2. Phase In or Defer a Portion of Proposed Staffing Expansion
Rather than immediately committing to the full proposed expansion of approximately 24 additional sworn positions, Asheville should consider phasing in or deferring a substantial portion of that growth while evaluating whether prevention-oriented approaches can reduce violence more effectively and at lower long-term cost.
Deferring even 10–15 fully staffed positions could potentially avoid roughly $1.5–3 million annually in future structural personnel obligations once salary, benefits, retirement, training, overtime, and equipment costs are included.
3. Create a Modest Community Violence Prevention Pilot Fund
Rather than building a large new bureaucracy, Asheville should begin with a modest pilot investment focused on youth outreach, conflict mediation, trauma-informed support, and community-based intervention partnerships.
An initial investment in the range of $250,000–$500,000 annually would allow Asheville to test prevention-oriented approaches at a scale more appropriate to the city’s size and fiscal environment.
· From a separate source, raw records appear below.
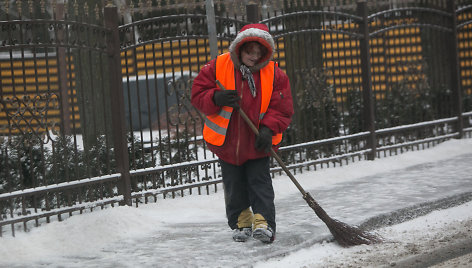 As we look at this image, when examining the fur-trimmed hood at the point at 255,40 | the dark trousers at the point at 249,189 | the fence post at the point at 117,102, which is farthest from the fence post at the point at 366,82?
the fur-trimmed hood at the point at 255,40

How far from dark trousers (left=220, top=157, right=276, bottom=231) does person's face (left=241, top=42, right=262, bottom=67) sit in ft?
2.61

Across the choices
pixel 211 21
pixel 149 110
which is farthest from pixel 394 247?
pixel 149 110

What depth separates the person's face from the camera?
246 inches

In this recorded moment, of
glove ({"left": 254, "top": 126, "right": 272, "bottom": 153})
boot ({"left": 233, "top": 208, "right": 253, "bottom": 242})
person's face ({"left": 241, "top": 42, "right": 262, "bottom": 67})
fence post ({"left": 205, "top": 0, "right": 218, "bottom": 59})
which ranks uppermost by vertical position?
fence post ({"left": 205, "top": 0, "right": 218, "bottom": 59})

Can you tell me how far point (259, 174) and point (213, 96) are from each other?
A: 0.74m

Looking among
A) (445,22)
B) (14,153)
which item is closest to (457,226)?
(14,153)

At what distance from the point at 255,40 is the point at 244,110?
1.86 ft

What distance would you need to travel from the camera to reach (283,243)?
20.3 ft

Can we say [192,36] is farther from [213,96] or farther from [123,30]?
[213,96]

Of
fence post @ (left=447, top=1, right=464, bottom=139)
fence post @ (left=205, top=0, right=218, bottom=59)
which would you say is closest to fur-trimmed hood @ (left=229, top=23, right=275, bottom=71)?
fence post @ (left=205, top=0, right=218, bottom=59)

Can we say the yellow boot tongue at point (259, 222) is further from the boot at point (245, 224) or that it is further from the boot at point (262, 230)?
the boot at point (245, 224)

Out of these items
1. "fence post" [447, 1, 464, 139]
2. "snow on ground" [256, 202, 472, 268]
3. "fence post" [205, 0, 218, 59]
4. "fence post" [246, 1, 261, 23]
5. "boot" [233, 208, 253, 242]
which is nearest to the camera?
"snow on ground" [256, 202, 472, 268]

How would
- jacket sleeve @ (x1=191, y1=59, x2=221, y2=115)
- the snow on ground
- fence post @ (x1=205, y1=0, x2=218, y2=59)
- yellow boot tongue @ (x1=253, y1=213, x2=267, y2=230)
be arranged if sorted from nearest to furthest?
the snow on ground
yellow boot tongue @ (x1=253, y1=213, x2=267, y2=230)
jacket sleeve @ (x1=191, y1=59, x2=221, y2=115)
fence post @ (x1=205, y1=0, x2=218, y2=59)

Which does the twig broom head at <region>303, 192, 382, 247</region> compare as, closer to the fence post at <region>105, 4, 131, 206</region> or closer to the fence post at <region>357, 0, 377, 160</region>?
the fence post at <region>105, 4, 131, 206</region>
Even after funding a modest prevention-oriented pilot initiative, Asheville could still potentially free up millions of dollars in long-term budget flexibility by slowing surveillance expansion and phasing in sworn staffing growth more gradually. A more restrained approach to surveillance expansion and staffing growth could potentially avoid approximately $750,000–$1.5 million annually in future structural costs.
Even after funding a modest prevention-oriented pilot program in the range of $250,000–$500,000 annually, Asheville could still potentially free up roughly $500,000–$1 million in budget flexibility.
Those savings could help reduce pressure for the proposed property tax increase while preserving existing community resources that already contribute to long-term public safety, including retaining current community center hours (instead of cutting them back), youth programming, transit access, park maintenance, housing stabilization efforts, and other neighborhood-based services.
In other words, the choice is not simply between policing and CVI. It is also about whether Asheville will preserve the broader community infrastructure that helps prevent violence in the first place.
Conclusion
Asheville has a choice.
The city can continue doubling down on increasingly expensive surveillance systems, increased hiring, and reactive enforcement strategies, or it can begin building a public safety model rooted in prevention, trust, and evidence.
The research increasingly points in one direction: communities reduce violence most effectively when they invest in people before violence occurs.
A meaningful expansion of Community Violence Intervention programming — paired with restraint on large-scale surveillance and staffing expansion — would likely save more lives, strengthen community trust, and reduce long-term costs.
But the argument for prevention is not only financial. Every preventable act of violence leaves lasting harm for victims, families, neighborhoods, and often the individuals who commit violence in moments that may never have needed to escalate. A public safety system should not measure success only by how effectively it responds after tragedy occurs. It should also be judged by how much suffering it prevents in the first place.
In a moment of fiscal pressure and rising community concern, Asheville should choose prevention over escalation.